No matter how bleak your financial history is, there are always options. A debt consolidation loan for bad credit could be the answer.

We all have needs in life. At some stage, you’ve probably found yourself saying: “I NEED a new car!” or “I NEED a holiday!” or “I NEED that pink Gucci handbag!” This is great and exciting and fun… Until the debts start to mount up. More debt means more repayments and more repayments means less financial control. Soon, the need for a holiday is a distant memory and instead, you’re having to spread yourself thin to afford the weekly groceries. As it gets harder and harder to keep up with payments coming from all over the place at different times, you start to miss payments. Consequently, your credit score will take a hit and you find yourself with a bad credit rating. In this instance, lenders won’t touch you with a barge pole. So, what can you do if you desperately need financial support but you have bad credit?

You have three options with bad credit:

Wait 5 years for negative listings to clear from your credit file. Can you wait that long?

Get your credit repaired professionally. Can’t afford that?

Get bad credit debt consolidation loan today.

What is bad credit, and can I still get a debt consolidation loan?

A person is deemed to have ‘bad credit’ when they have a poor history of repaying debts. (Check your credit score)
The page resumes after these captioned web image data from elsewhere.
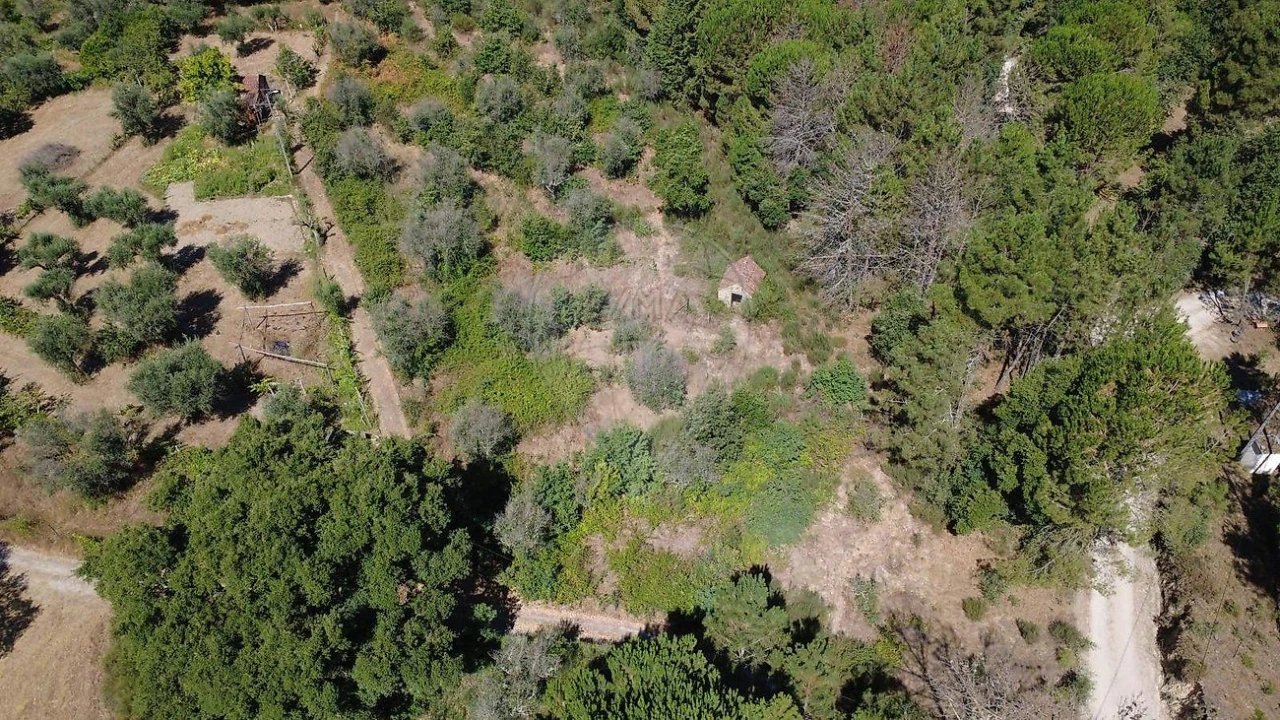 Terreno para Venda em Midões Foto 3
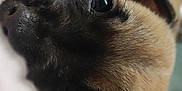 Aro participe au concours pour gagner de l'argent avec cette photo : adorable, animal, black, brown, close_up, cute, dog, eyes, face, fur, indoor, lying_down, nose, pet, puppy, relaxed, snout, soft_focus, whiskers, young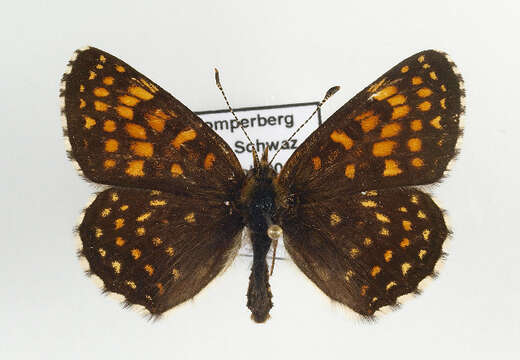 Imagem de Melitaea diamina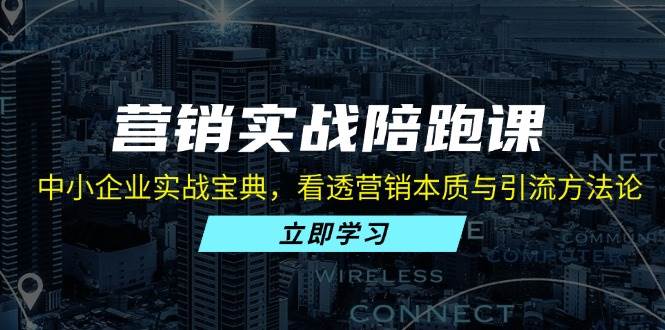 （13146期）营销实战陪跑课：中小企业实战宝典，看透营销本质与引流方法论-领学通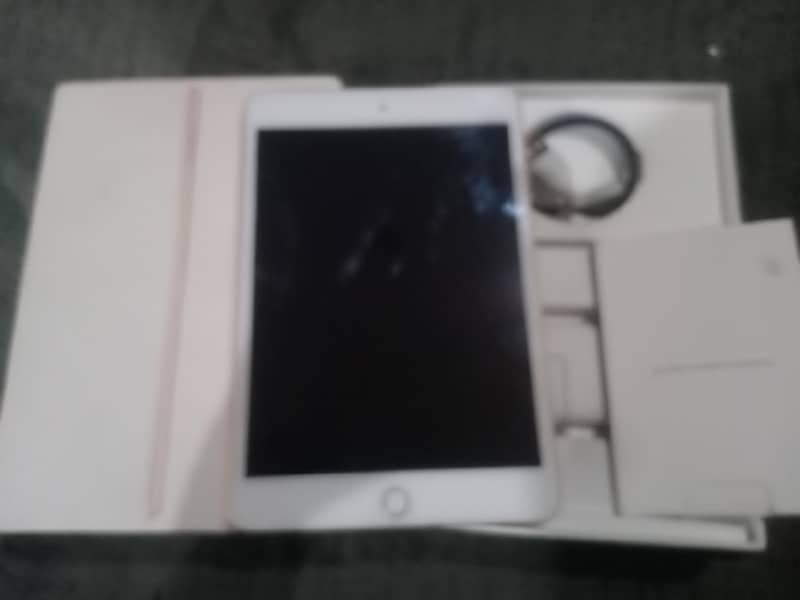 Ipad Mini 5 4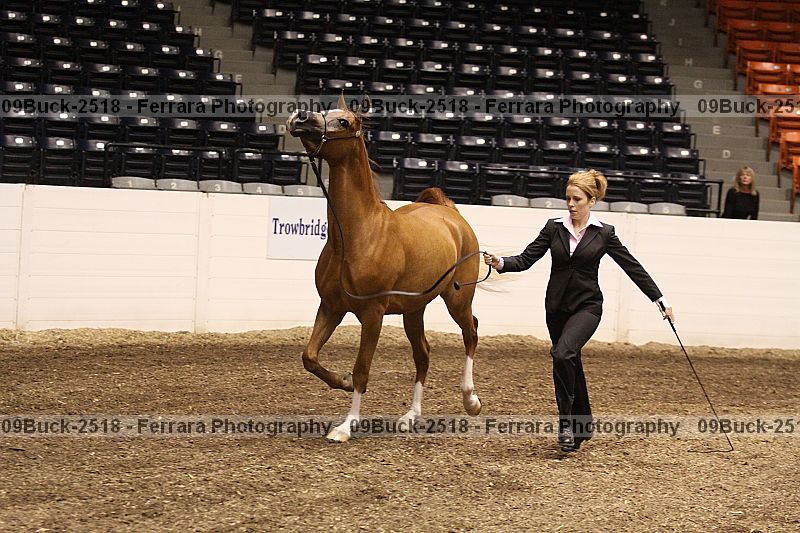 Proof 09buck-2518
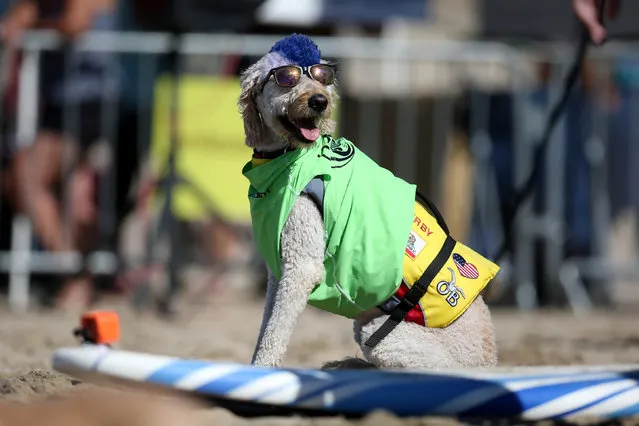 A dog prepares to compete in the Surf City Surf Dog competition in Huntington Beach, California, U.S., September 25, 2016. (Photo by Lucy Nicholson/Reuters)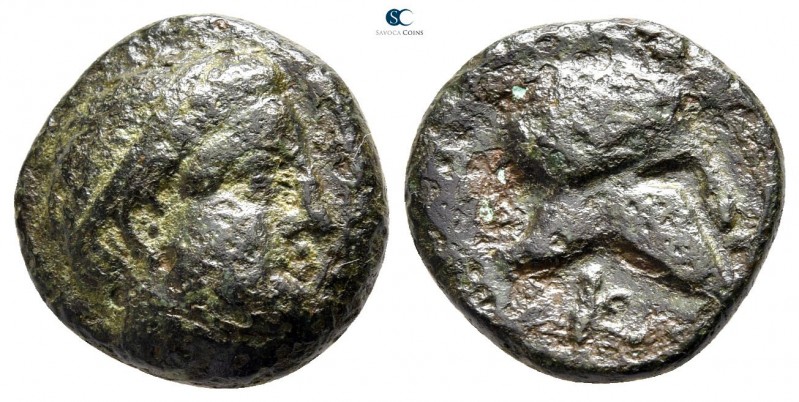 Macedon. Skione circa 400-350 BC. 
Bronze Æ

16 mm., 5,27 g.



nearly ve...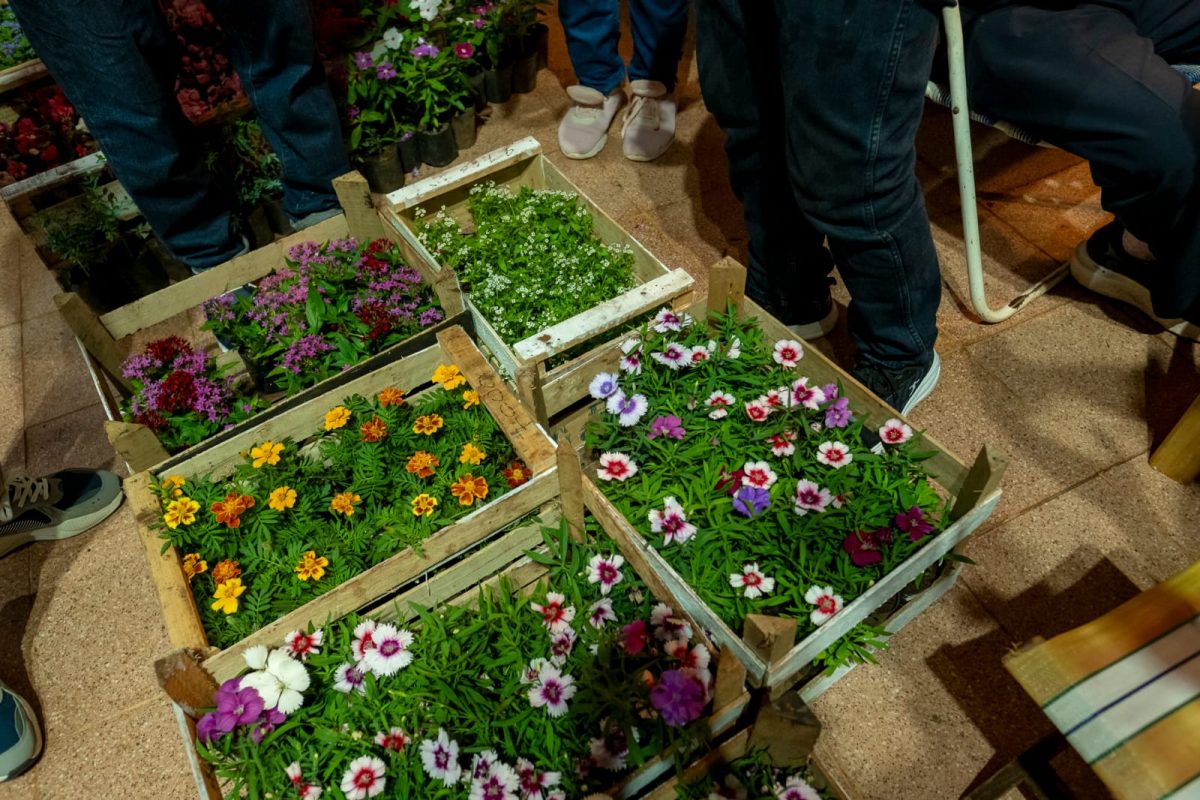 Passalacqua destaco la floricultura como nucleo economico y turistico en Misiones 2 - 11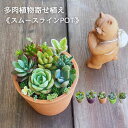 【予約販売 10月以降発送】 多肉植物寄せ植え スムースラインポット 寄せ植え 多肉植物 母の日 父の日 ギフト Φ10cm 花 花鉢 誕生日 父の日 プレゼン...
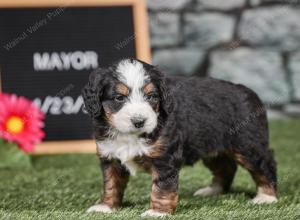 F1 mini bernedoodle near Chicago Illinois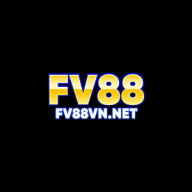 Fv88vnnet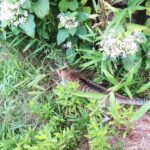ねこ、風太　巡回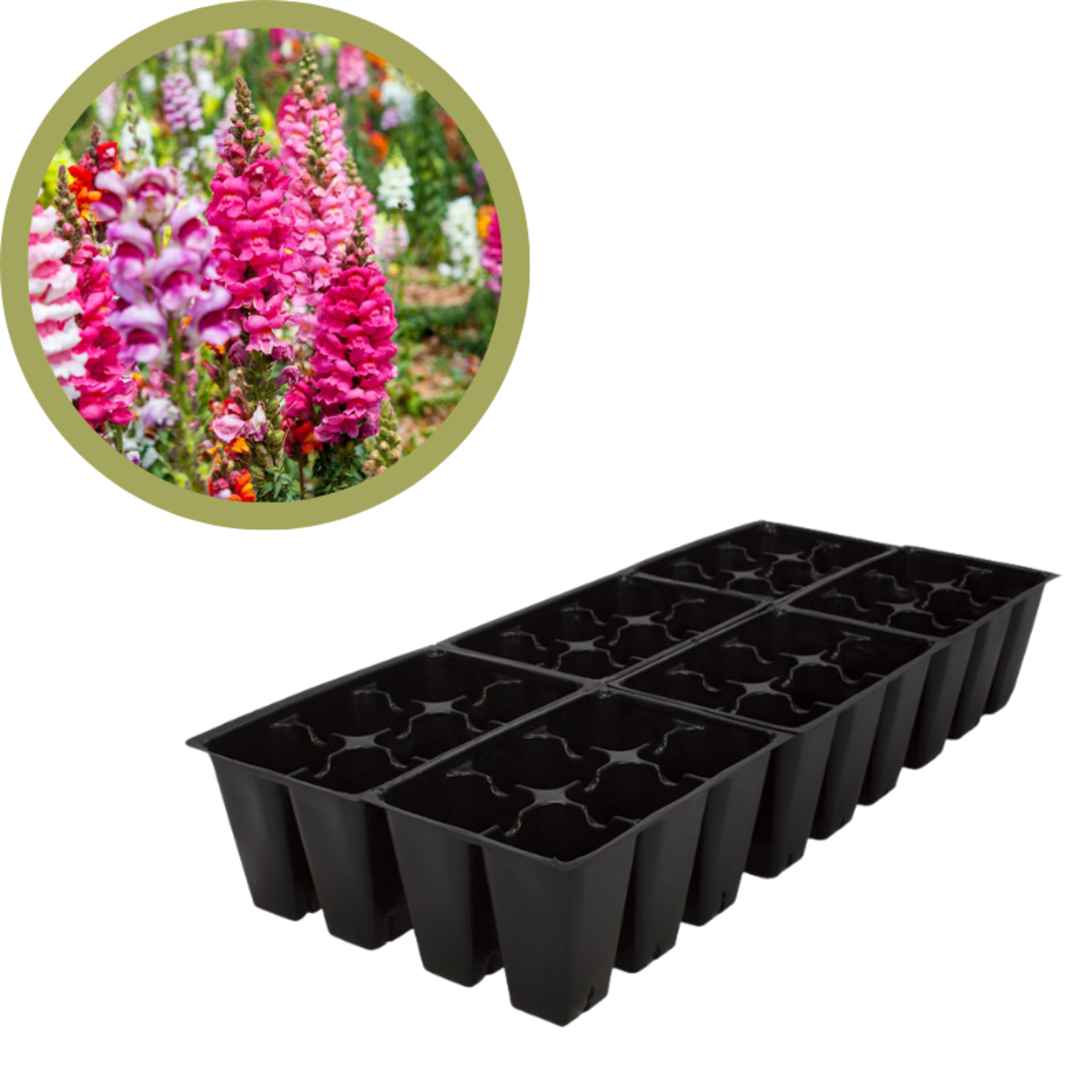 Green Spot Wholesale Order Request - Annual Flowers in 606 Tray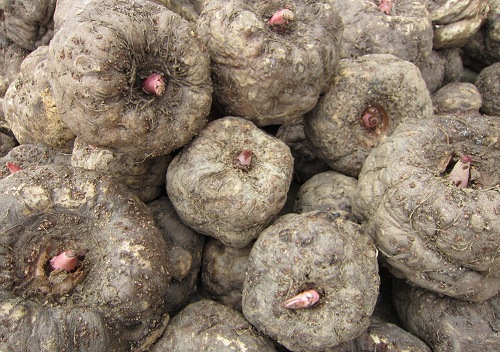 亲邦南部魔芋畅销中国和日本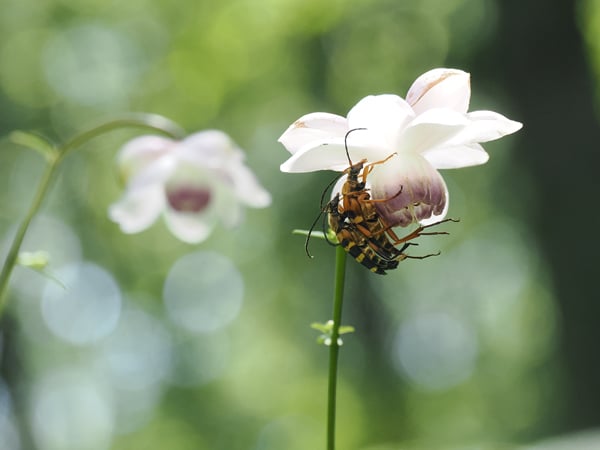 12P7229317ヨツスジハナカミキリ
The worse your credit history, the harder you will find it to borrow money, because lenders will be less willing to lend you money and will charge you higher interest rates.

However, people with bad credit histories can still make debt consolidation work by following this three-step process. First, find a lender willing to give you a bad credit debt consolidation loan (we offer them). Second, make sure the interest repayments on your new loan are less than the repayments on the loans being replaced. Third, instead of spending those savings, use them to repay the new loan.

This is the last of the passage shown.